See, Robin became an outlaw again and he had to leave Marian and after a time, she thought he had died. So Guy was trying to persuade her to marry him, but she refused and so the sheriff was going to make her a prisoner, or something to that effect. And, of course, she needs to escape, but she doesn't know how. Anyway, Little John (I think it's Little John) helps her find sanctuary in the abbey of Kirklees and there the prioress wears away on Marian until she agreed to become a nun. Then, when Robin's dying, Little John takes him to the abbey and the prioress does her dreadful deed and Robin blows his horn. Both Little John - who's in the forest - and Marian - who's praying in the chapel - hear it and come to him and...yeah. It's almost as heartbreaking as the ending of BBC's adaption.
This is my second favorite adaption of Robin Hood. And my favorite adaption is the next - and last - one being reviewed.

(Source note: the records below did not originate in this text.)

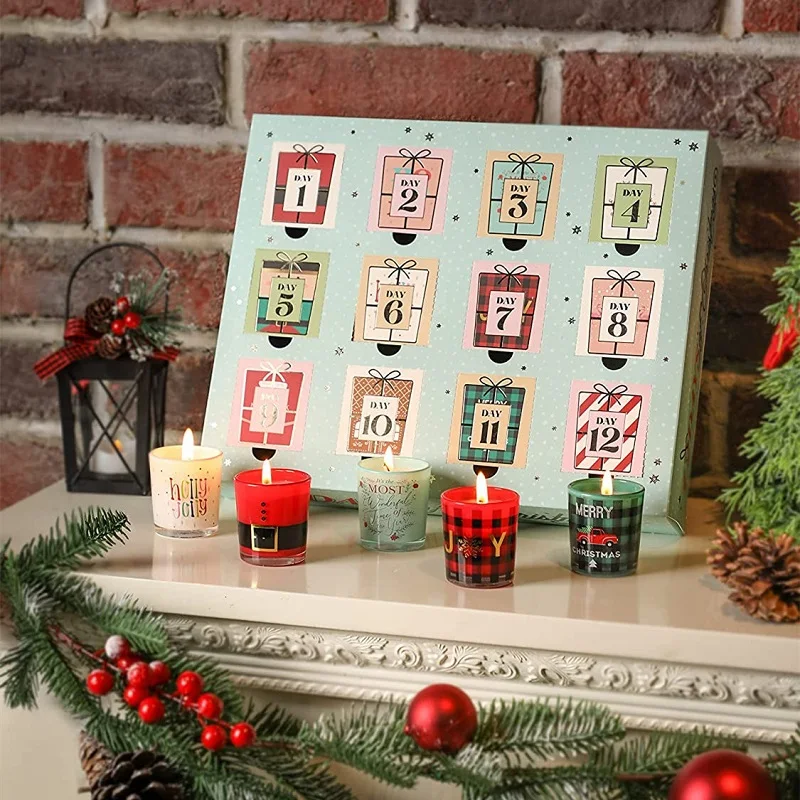 Huaming Aesthetic Short Aroma Therapy Candle Set Perfume Soy Wax Christmas 12 pcs Scented Handmade Candles with Unique Scent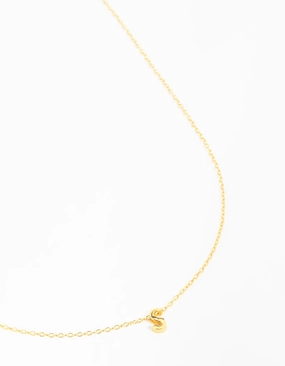 Fine Detail Gold Plated Sterling Silver Letter S Necklace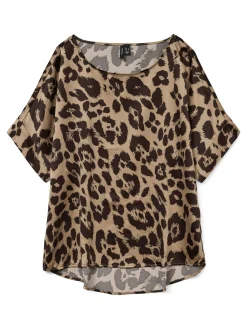 VMMERLE 2/4 O-NECK TOP AOP WVN GA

This book is the best version of Robin Hood I've ever read. I found it for free on Kindle while I was browsing around for free Robin Hood books, and so I downloaded it. When I first tried to read it, I couldn't get into and I set it down. There's a lot of Robin's backstory laid down (about half the book) before he even becomes an outlaw, so I was a little bored at first. However, I stuck with it the second time and I'm so glad I did. Robin is a lot younger in this version (only seventeen or eighteen), and so is Marian (fifteen or sixteen) and I found the whole story more interesting than any other version I've read. A new character that I never read about before - Will o' th' Green - was in the first half of the book. He was the original leader of Robin's band and I really, really liked him. 'Twas quite sad when he died, naming Robin as his heir, so to speak.
Will Stutely is amazing in this adaption. I never really cared about him when I read HP's version, but he was completely and totally epic in this book. I almost can't bear to keep all my thoughts on how great he is until his post, but I guess I'll have to. Also, Allan a Dale was a huge improvement over other portrayals of him. He's actually pretty cool and he and his wife join the gang after their wedding (I cannot get over how amazingly brave his wife is).
The ending was almost as sad as Green's version, but it didn't have Marian in it (she died of fever after she and Robin were married for five years, leaving him with two sons. He was so grief stricken that he sent his sons to his cousin and never saw them again) so it wasn't as bad. But the scene between him and Little John that is in every. single. adaption I've read, is always heartwrenching. There's really no other way to put it.
What's your favorite book version of Robin Hood? Have you read all of these books, or just one or two?